** Opening PROVIDED RECORDS block **

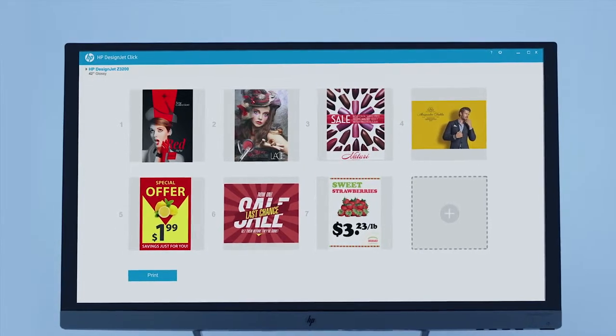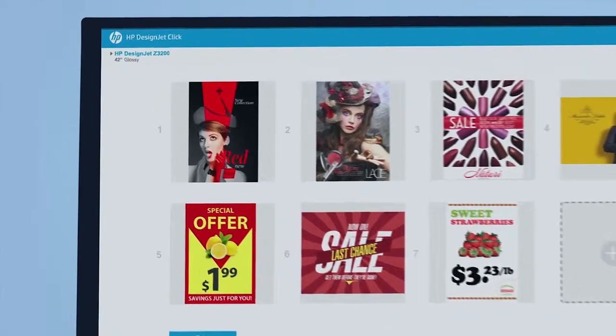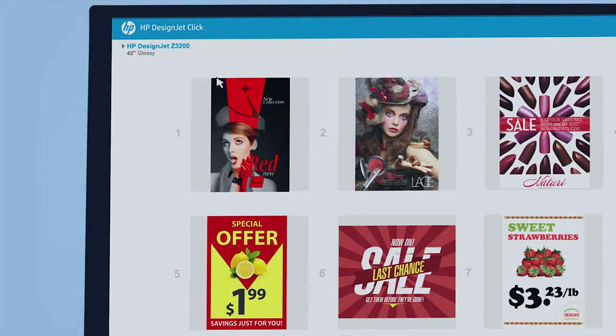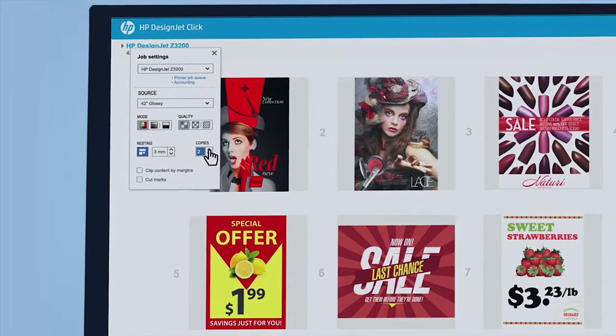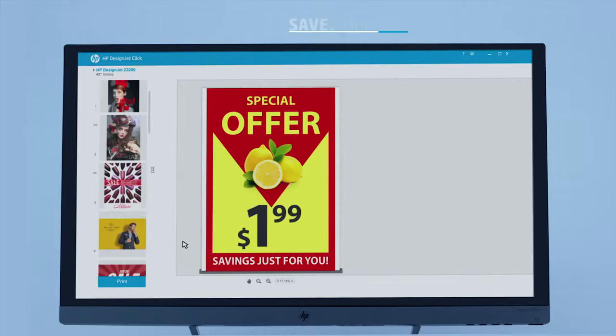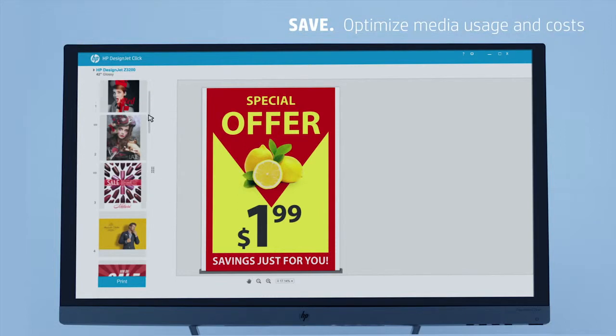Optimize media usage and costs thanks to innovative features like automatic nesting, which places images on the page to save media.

** Closing PROVIDED RECORDS block **
** Opening PROVIDED RECORDS block **

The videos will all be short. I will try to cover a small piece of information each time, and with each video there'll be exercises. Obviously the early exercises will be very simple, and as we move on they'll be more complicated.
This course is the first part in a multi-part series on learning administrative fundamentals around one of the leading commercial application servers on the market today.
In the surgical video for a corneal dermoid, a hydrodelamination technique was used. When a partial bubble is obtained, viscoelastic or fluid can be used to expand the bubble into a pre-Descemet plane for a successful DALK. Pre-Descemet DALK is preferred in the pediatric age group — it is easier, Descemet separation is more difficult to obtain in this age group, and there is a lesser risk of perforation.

** Closing PROVIDED RECORDS block **

## DESCRIPTION OF THE TASK:
From the material given, work out how many lines hold the string "video"; state that number and nothing further.

## REPLY:
2